Using Smart Tags in Office 2003 (cont'd)
MOSTL and Regular Expressions
Regular expressions are a powerful form of wildcard searches. Most developers (and even power users) are familiar with regular expressions used to search for files, such as *.doc. When it comes to regular expression pattern matching, you will need more sophisticated patterns. The following pattern matches US phone numbers within a text string.
   ((\(\d{3}\))|(\d{3}-))?\d{3}-\d{4}
advertisement
If you are not familiar with regular expressions, you might find this but of code a little difficult to read. Let's take a brief look at the syntax of regular expressions.

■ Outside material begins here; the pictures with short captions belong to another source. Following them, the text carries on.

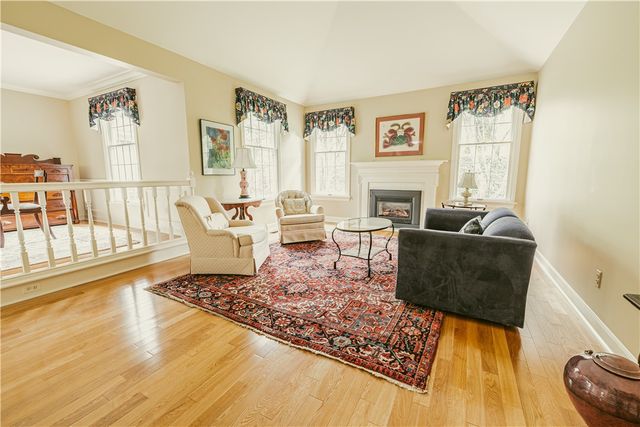 31 Tobey Woods, Pittsford, NY 14534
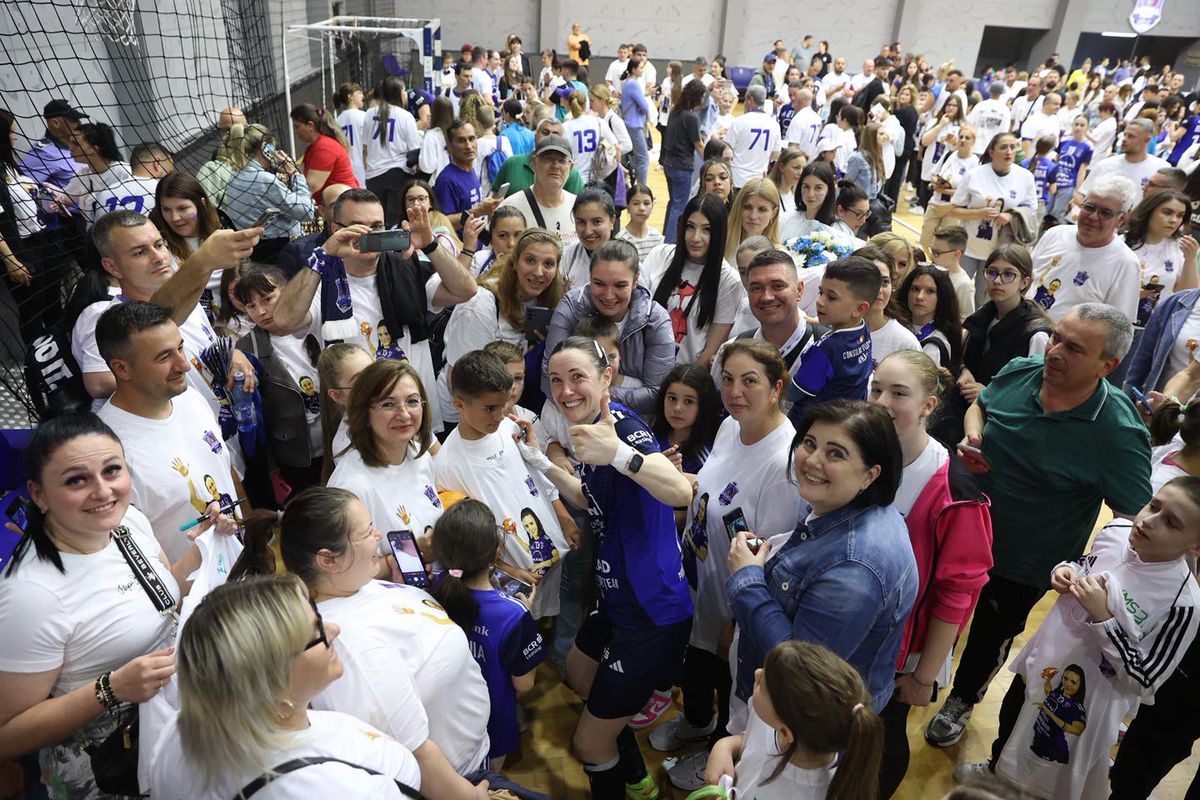 Scenografie nemaivăzută în handbalul românesc » Au avut parte de o surpriză superbă la ultimul meci jucat în fața propriilor suporteri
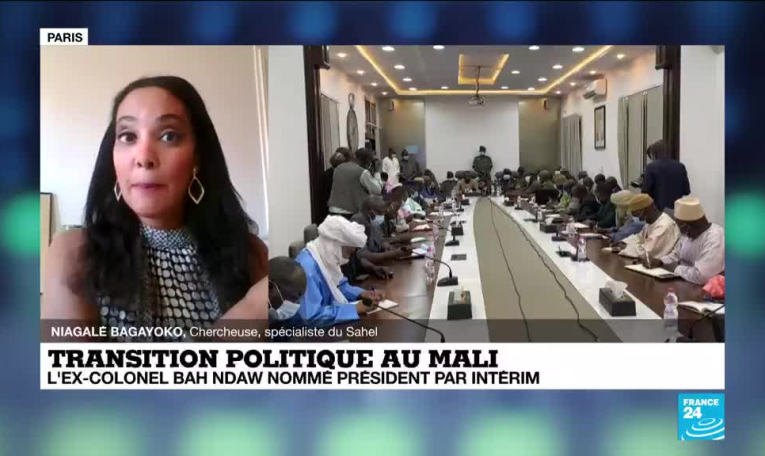 Transition politique au Mali: l"ex-colonel Bah Ndaw nommé président par interim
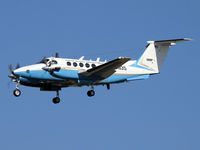 N35 @ KPHL - Landing at PHL - by JOE OSCIAK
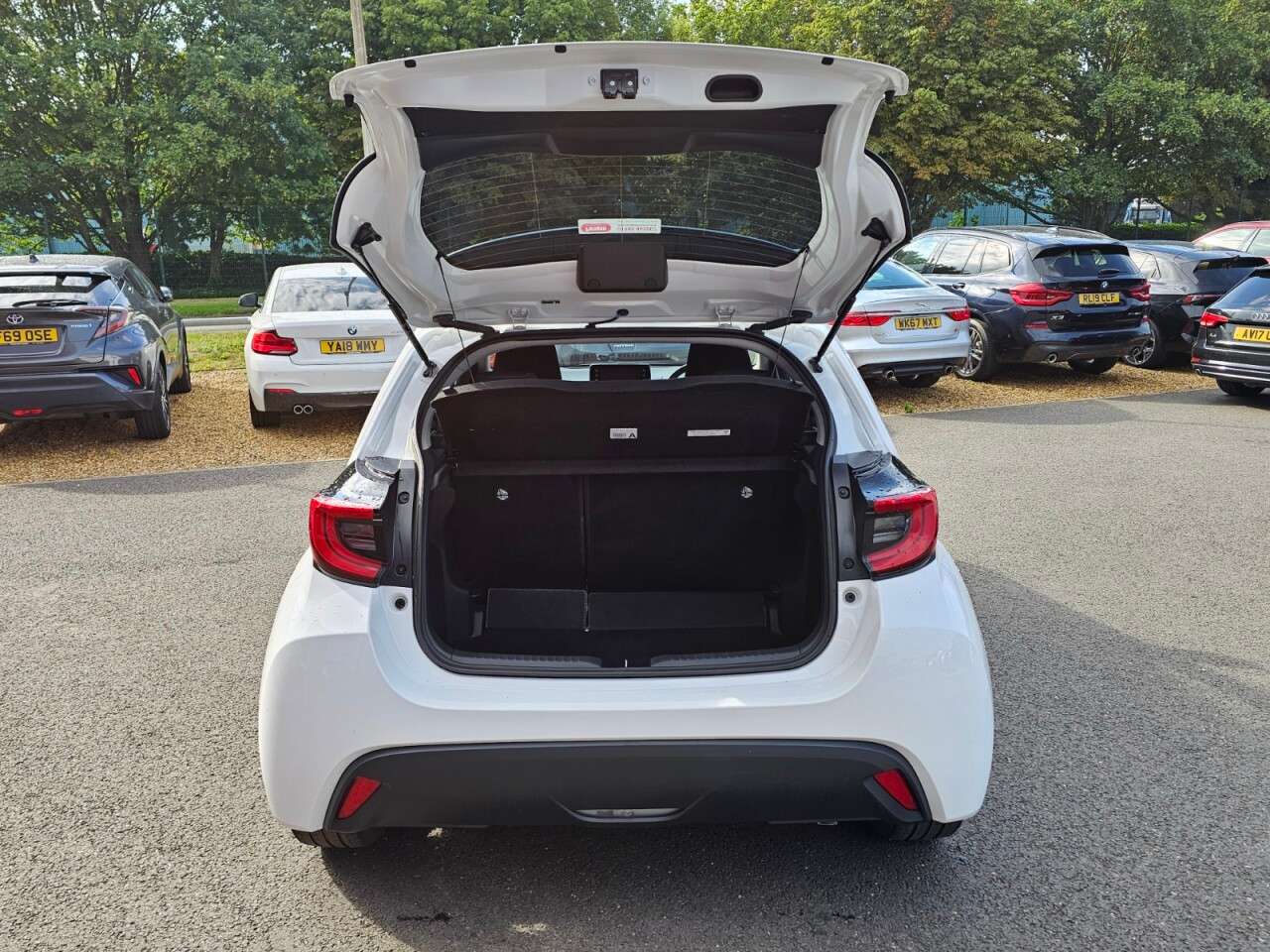 2022 TOYOTA YARIS 2022 TOYOTA YARIS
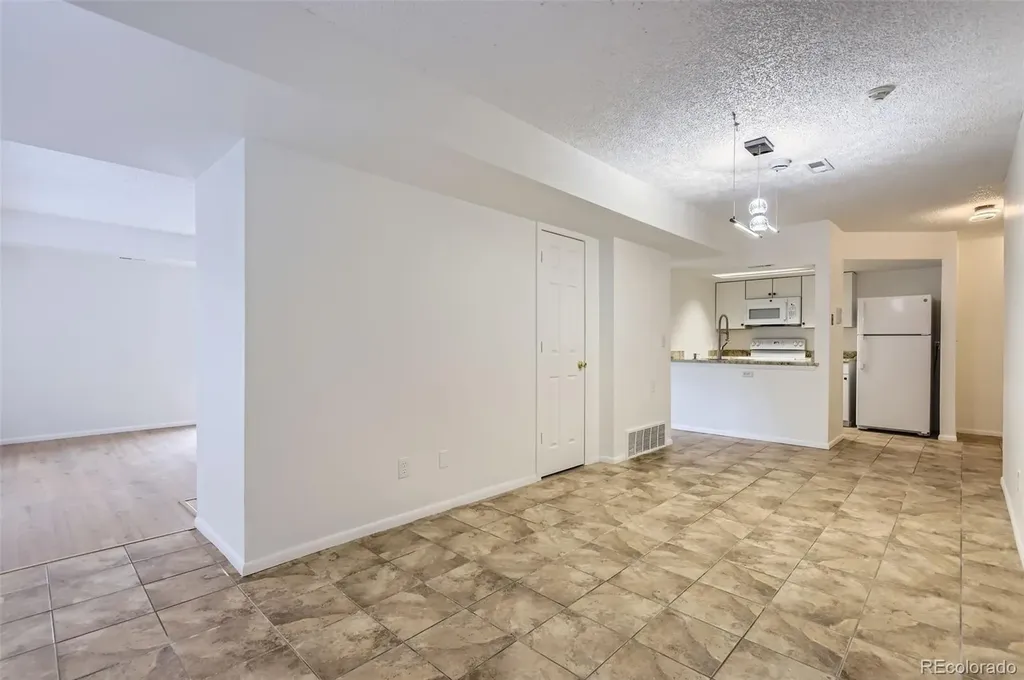 6475 S Dayton Street Englewood CO 80111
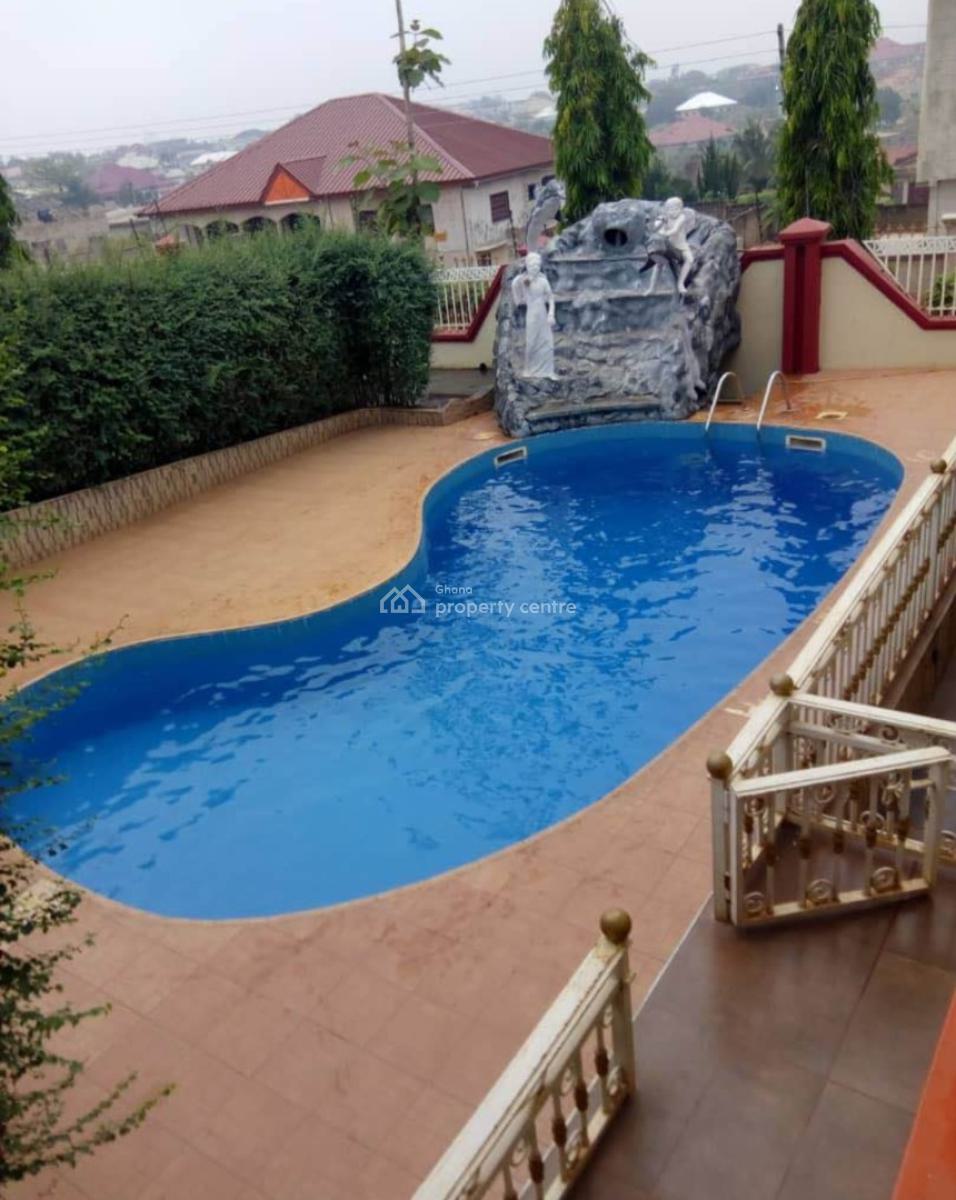 Hotel.    ( Operational), Santasi Apire, Kumasi Metropolitan, Ashanti, Hotel / Guest House for Sale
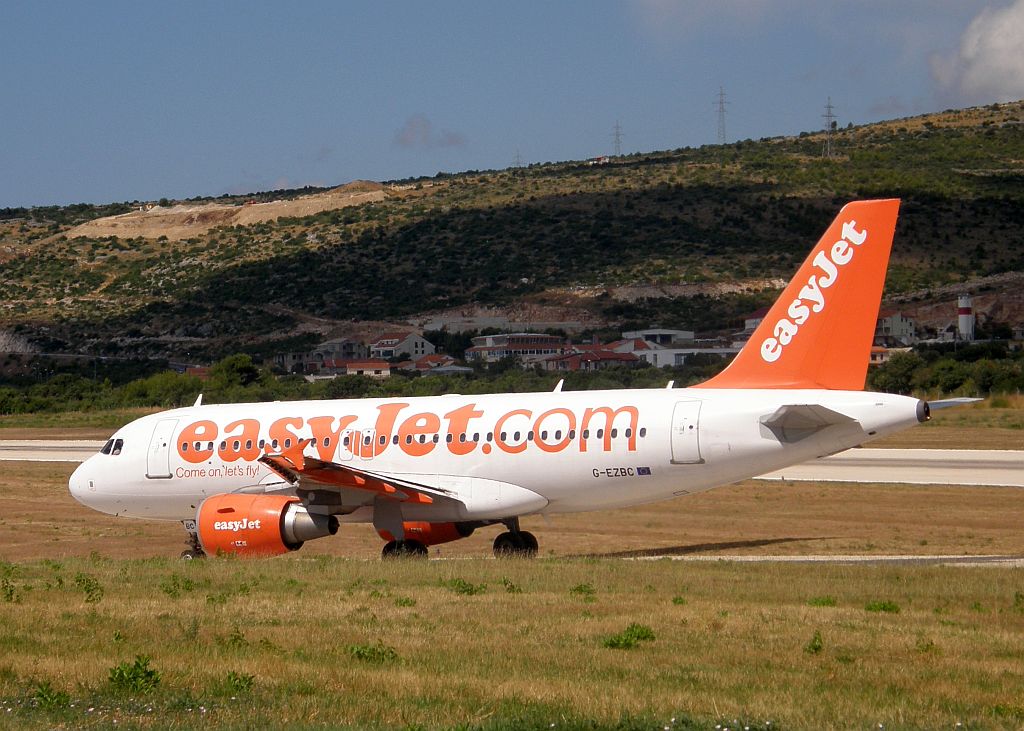 A319-111 EasyJet Airline G-EZBC Split_Resnik (SPU/LDSP) August_7_2010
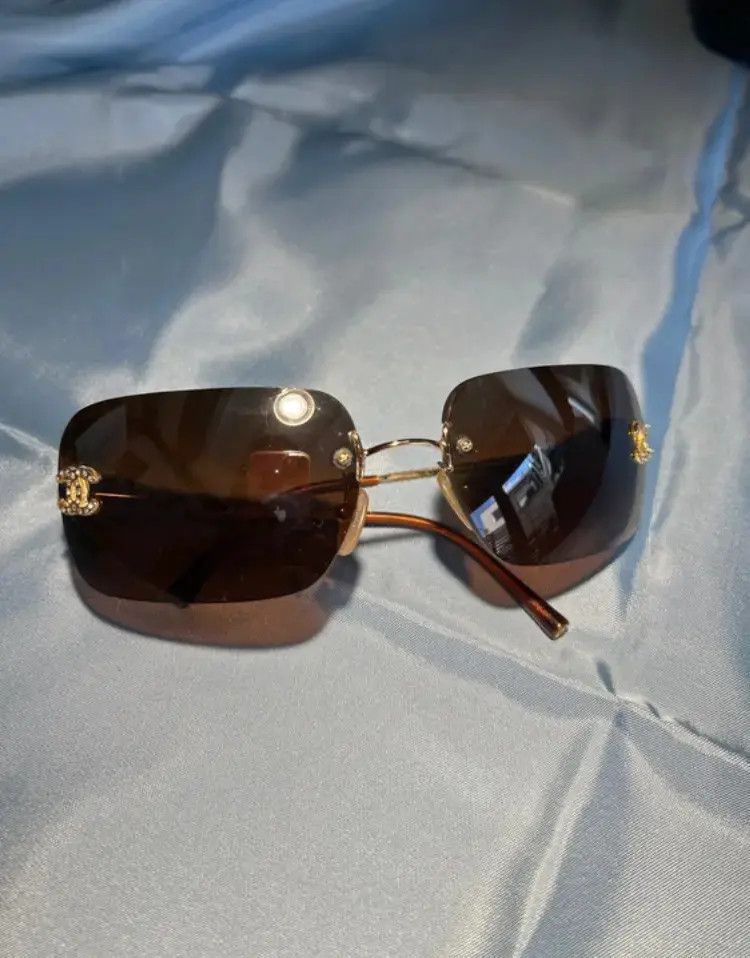 Chanel CHANEL Sunglasses 4017-D Rimless Rhinestones Vintage Size ONE SIZE - 1 Thumbnail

Table 1 lists the most common meta-characters that are used in regular expression patterns.

Table 1: This Smart Tag Meta-character listing will make it easy to follow the exploration.
Meta-Character Meaning
Character Matching  
. (period) Matches any single character except the newline character
[] Matches any one of the enclosed characters. Ranges can be specified by using a hyphen, such as [0-9]
| The OR operator. For example, x|y will match either x or y
Position Matching  
^ Matches the beginning of string
$ Matches the end of string
Repetition Matching  
? Matches 0 or 1 instances of the preceding character
+ Matches 1 or more instances of the preceding character
\ Indicates that the next character should not be interpreted as a regular expression special character
* Matches 0 or more instances of the preceding character
() Groups a series of characters together
{n} Matches exactly n instances of the preceding character
{n,} Matches at least n instances of the preceding character
{n,m} Matches at lease n but no more than m instances of the preceding character
Special Characters  
\s Matches any single white space character, including space, tab, line feed, and form feed
\w Matches any alphanumeric character, including the underscore character
\d Matches a single-digit character
\f Matches a form feed
\n Matches a line feed
\r Matches a carriage return
\t Matches a tab
\v Matches a vertical tab
\b Matches a word boundary, such as a space


Examine this by breaking down the phone number pattern shown above. Start at the end of the pattern:
   \d{3}-\d{4}
This means that the expression must contain exactly three digits, followed by a hyphen, and then exactly four digits. Thus, 555-1234 is a match. Now look at the first part:
   ((\(\d{3}\))|(\d{3}-))?
Notice that there is a pipe (|) in the middle, indicating an or operator. On the right side of that you can see:
   (\d{3}-)
This will match exactly three digits followed by a hyphen. On the left side of the or (|) you see:
   (\(\d{3}\))
Notice that \( and \) are used to indicate that parenthesis are part of the pattern. In between these is the \d{3} indicating exactly three digits. So the pattern matches phone numbers in these formats:
   (281)866-7444
   281-866-7444 
This portion of the pattern ends with a question mark, indicating that the pattern immediately prior to the question mark is optional. Because the area code pattern is grouped in parentheses and the question mark is outside the parentheses, the entire pattern inside the parentheses is optional. The pattern will also be a match:
   866-7444
You could get even more sophisticated and match 281.866.7444 in addition to allowing a space between the various parts of the phone number and match foreign phone numbers.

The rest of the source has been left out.